Das Ablegemanöver an der Spundwand klappte erstaunlich gut. Langsam zog unser Bug nach Backbord und am Motorboot vorbei. Als er beinahe in die Mitte der Boxengasse zeigte, nahm ich Schub weg, kuppelte aus, damit die Leinen entlastet waren und eingeholt werden konnten. ‚Leinen drinnen‘, meldete Eberhard nur einen Moment später, schon waren wir wieder in Fahrt – vorwärts, hinaus aus dem Hafen. Der Dame auf dem Motorboot wünschten wir noch einen schönen Tag. Sie wirkte enttäuscht, weil es nichts zum Gucken gegeben hatte. Ich war dagegen mehr als erleichtert, an dem unförmigen Ding unbeschadet vorbeimanövriert zu sein.

Überfahrt nach Schilksee
Überfahrt nach Schilksee

Draußen setzen wir dann die Segel. Wir hatten tatsächlich Westwind und damit einen schönen Anliegerkurs für unseren letzten Segeltag zurück nach Kiel. Wieder sagte Eberhard von unten die Kurse an, wieder wies der Kompass am Mast zuverlässig die Richtung. Nach einer Weile frischte der Wind plötzlich merklich auf. ‚Ah, die Eckernförder Bucht‘, kommentierte Frank.

Überfahrt nach Schilksee
Überfahrt nach Schilksee

Je näher wir unserem Heimathafen kamen, umso mehr Boote tummelten sich auf dem Wasser. Alexander hatte mich am Ruder abgelöst. Noch eine Wende in die Kieler Bucht hinein, und schon lag unsere „Dockenhuden“ wieder auf der Backe. Amwind-Kurs und dann eine Wende nach der anderen, um den Segelbooten, die hier aus allen Richtungen kamen, auszuweichen. Eine Regatta fand dort auch gleich noch statt, ich kam mir vor wie auf der Autobahn.

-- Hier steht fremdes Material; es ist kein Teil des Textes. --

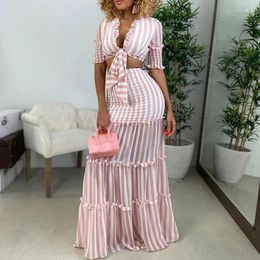 Work Dresses Women's Fashion Striped Two Piece Dress Sets Female Summer Bohemian Sexy Maxi Long Skirts And Slim Tie Front Crop Tops 2pcs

Irgendwie schafften wir es durch dieses Gewühl hindurch. Im letzten Hafen sollte ich dann den Anleger fahren. Nach dem Segelbergen stand ich also wieder am Ruder und ließ mich in den Hafen dirigieren. ‚Und dann gleich links in die erste Boxengasse‘, meinte Frank, und schon wurde es wieder voll. Nicht nur, dass dort alle möglichen Boote vor sich hin zu dümpeln schienen, unser Liegeplatz war auch noch belegt. Was war das denn?

Wir fuhren in die Box nebendran, stellten fest, dass man hier gerade schwer international unterwegs war und deshalb wohl niemand auf unsere Rufe reagiert hatte. Zusammen machten Skipper und Co sich auf den Weg zu klären, was hier gerade der Fall war, während der Rest der Crew an Deck der Dinge harrte, die da kommen würden. Man kam mit der Nachricht zurück, dass gerade eine internationale Regatta ausgetragen wurde, und die Dauerlieger in den Nordhafen ausweichen sollten. Auch gut, umziehen konnte man ja allemal noch. Also hieß es noch ein letztes Mal: Leinen los!

Kiel Schilksee Hafen
Kiel Schilksee Hafen

Schon waren wir wieder unterwegs – wenn auch nur kurz, denn die Zufahrt zum Nordhafen lag wirklich direkt um die Ecke. Dort gingen wir dann an einem der Stege längsseits und machten fest – zum letzten Mal auf diesem Sommertörn auf unserer Rennziege.